=== PROVIDED RECORDS ===
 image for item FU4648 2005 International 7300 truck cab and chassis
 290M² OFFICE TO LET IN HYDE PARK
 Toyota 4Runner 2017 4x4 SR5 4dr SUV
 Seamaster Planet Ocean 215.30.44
===
=== PROVIDED RECORDS ===
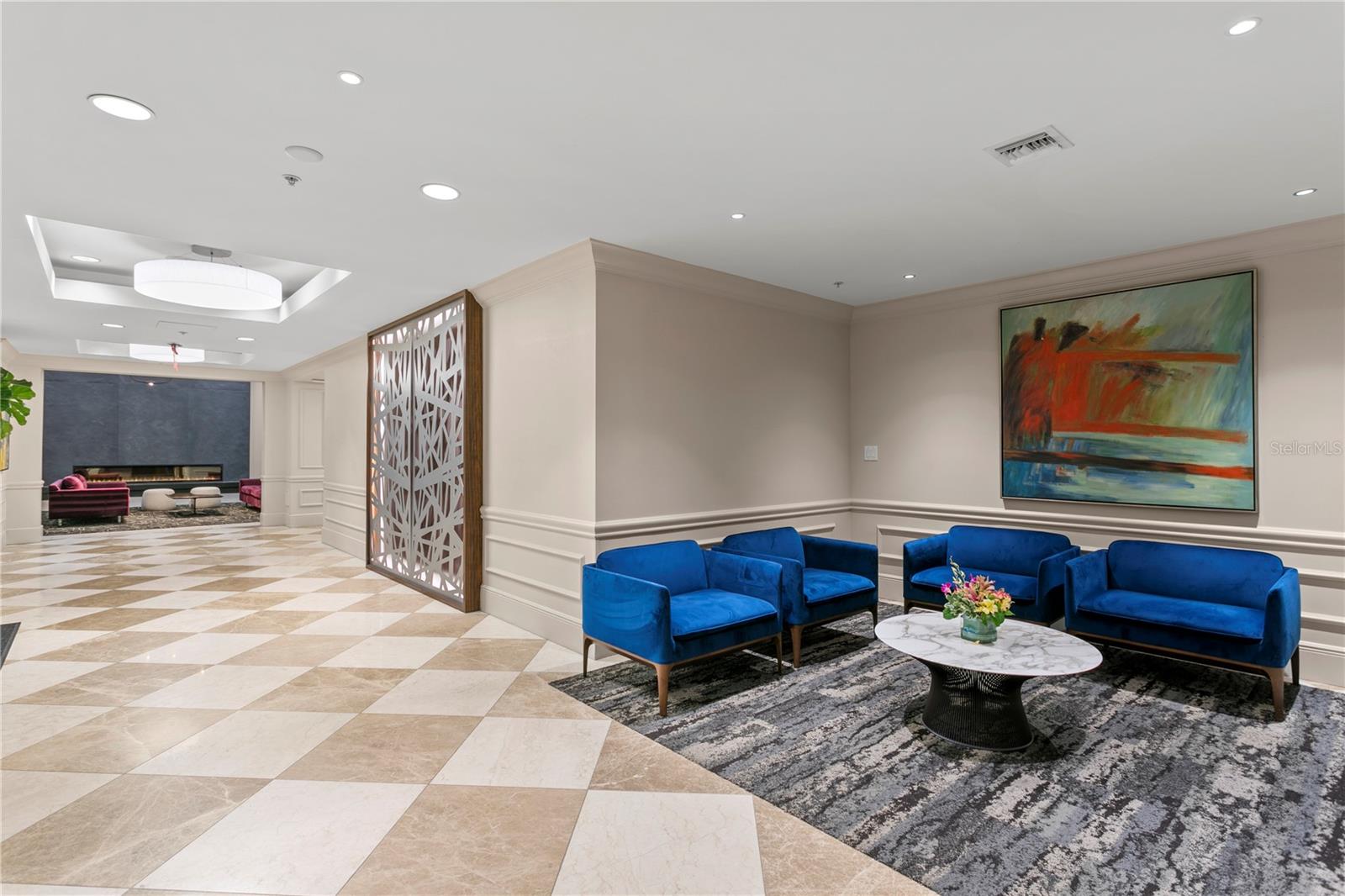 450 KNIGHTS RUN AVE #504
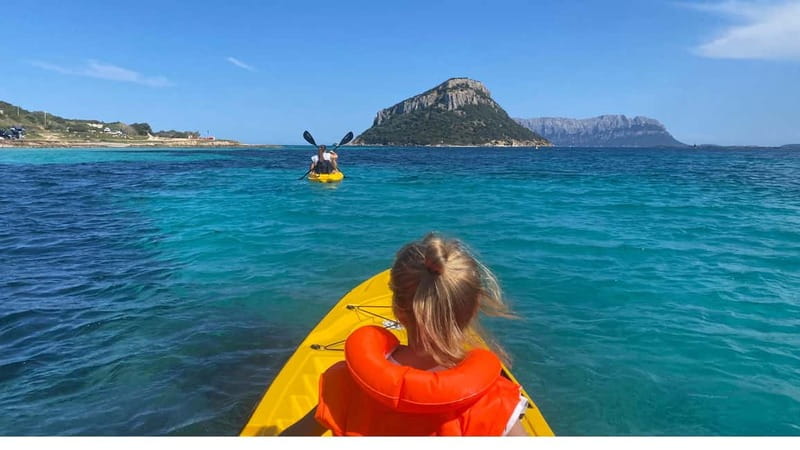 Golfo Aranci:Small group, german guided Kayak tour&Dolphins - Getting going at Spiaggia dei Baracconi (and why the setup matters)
===
=== PROVIDED RECORDS ===
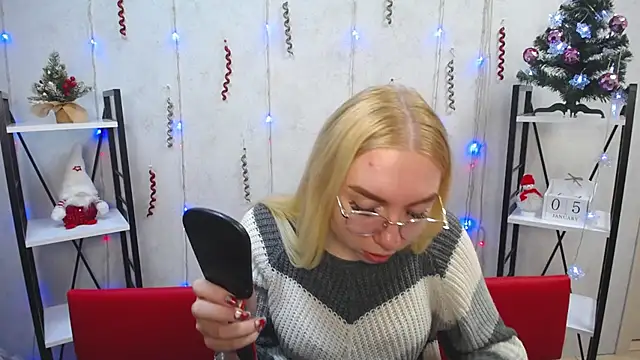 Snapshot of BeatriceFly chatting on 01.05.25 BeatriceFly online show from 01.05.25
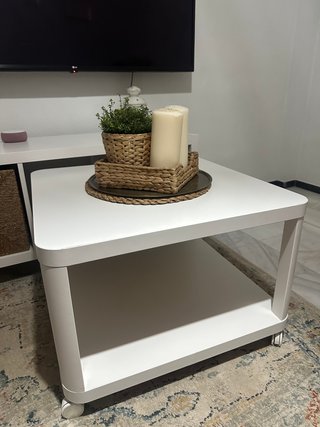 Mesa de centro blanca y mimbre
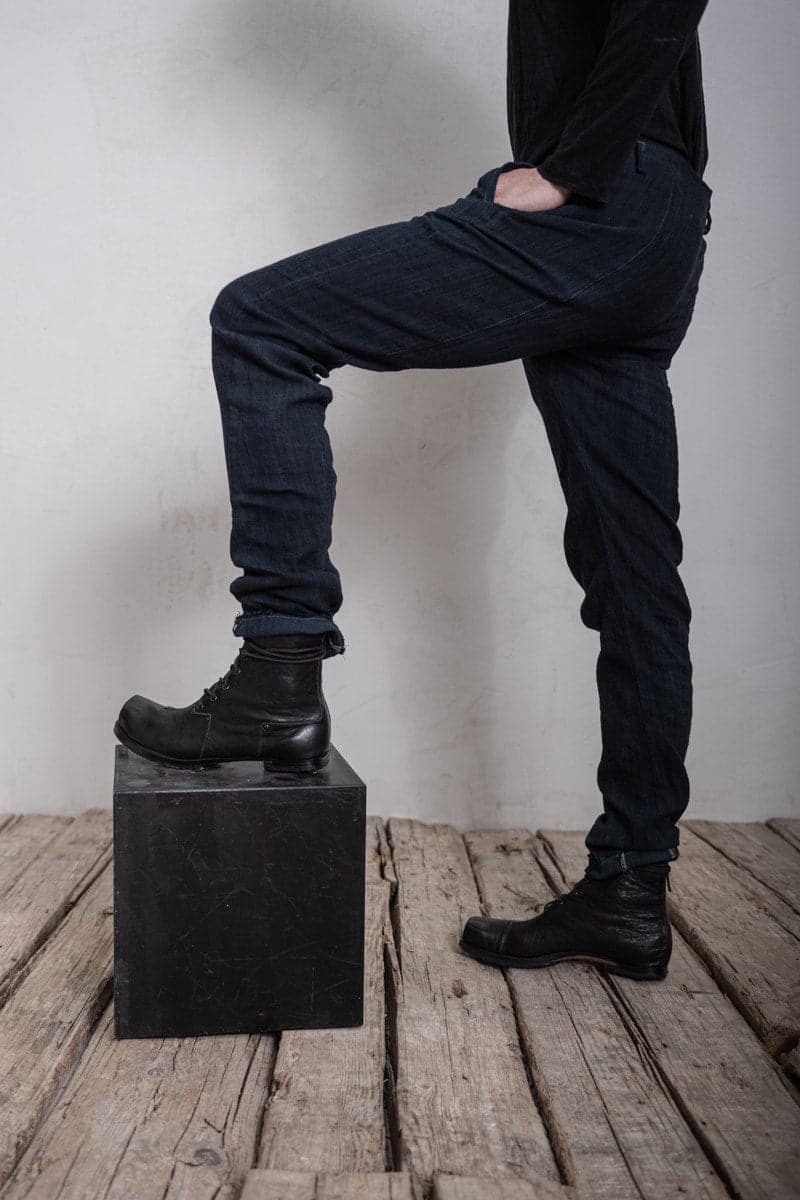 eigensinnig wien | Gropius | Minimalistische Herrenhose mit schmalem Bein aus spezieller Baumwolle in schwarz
===
_WHAT THE TASK ASKS_
From the entries above, return exactly the line containing "image for item", the line containing "Seamaster Planet Ocean 215.30.44", and all lines between, and nothing else.

_SOLVED PROBLEM_
 image for item FU4648 2005 International 7300 truck cab and chassis
 290M² OFFICE TO LET IN HYDE PARK
 Toyota 4Runner 2017 4x4 SR5 4dr SUV
 Seamaster Planet Ocean 215.30.44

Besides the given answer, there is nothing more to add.